相反,在其2014年8月23日的供述中,他说:“我和毛某某商量好以后,毛某某就安排A集团财务人员推迟给某后旗国有资产运营公司的付款,造成某后旗国有资产运营公司没有还款能力。B公司多次找我要钱,我就找到B公司项目经理陈某说:‘要不我找另一家公司,你们打折将剩余的4000万债权卖给这家公司,要么你们就打官司把政府告了。’陈某说:‘这个我们决定不了,得打报告请示总公司。’后来陈某给我答复说可以另找一家公司,但将剩余的4000万元债权打折卖出后必须要一次性付款。”根据该供述,B公司4000万元的债权打折到2000万元出售是马某与陈某谈的,根本不存在杜某某参与B公司的谈判,这与政府文件确定的分工也是一致的,所以三次会议纪要不能作为证据采信。
3、从某铜矿的隶属情况而言,后旗政府无权决定其资产重组
公诉机关举出的某铜矿的工商登记可以看出,某铜矿的股东是某自治区计划委员会下属的T投资公司,并不属于后旗政府的下属企业,只是因为企业位于后旗,其才介入处理其职工安置问题。
同时,公诉机关所举的“T投资公司与A集团就某铜矿资产重组会议纪要”中第四条明确:“双方一致认为,某铜矿的招商引资及资产重组项目的成功,某盟行署起了重要作用。”也印证了某铜矿的资产重组是在某盟行署的领导下,由某铜矿的股东T投资公司与A集团洽谈的,后旗政府并不是当事方,杜某某没有参与。
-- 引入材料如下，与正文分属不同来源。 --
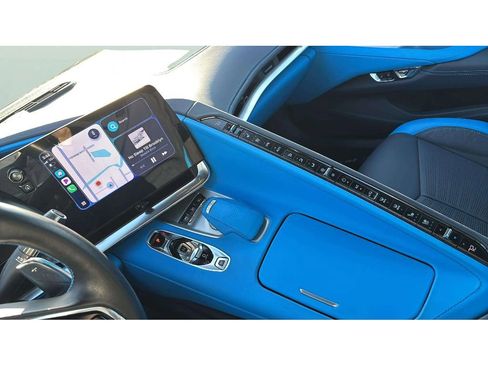 Used 2021 Chevrolet Corvette Stingray Premium Cpe w/ Z51 Performance Package image 17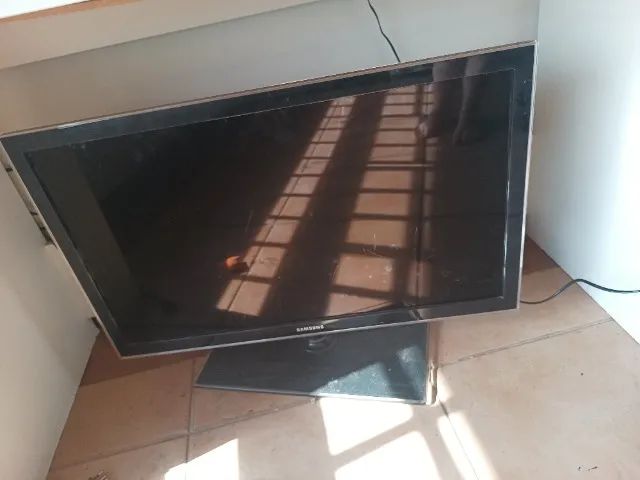 Tv 32 com defeito liga quando quer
这些事实也得到了在案和辩护人提供的相关会议纪要和文件的印证。
本案指控杜某某参与某铜矿资产重组的证据,除去B公司的三次会议纪要之外,主要是证人证言,但是我们提请法庭注意的是,这些证人证言都只是概括性地说由杜某某负责或主管某事,而未指向杜某某在具体的时间、地点、实施了某个行为,这样的证据没有任何法律效力。
综合控辩双方的证据来看,本案存在控辩双方对立的两组证据,辩方的证据是多件历史形成的客观书证,而且被告人对于这一事实供述稳定,从到案之后直到今天的庭审中一直说他不负责某铜矿的资产重组,在重组的过程中他就已经调离了后旗。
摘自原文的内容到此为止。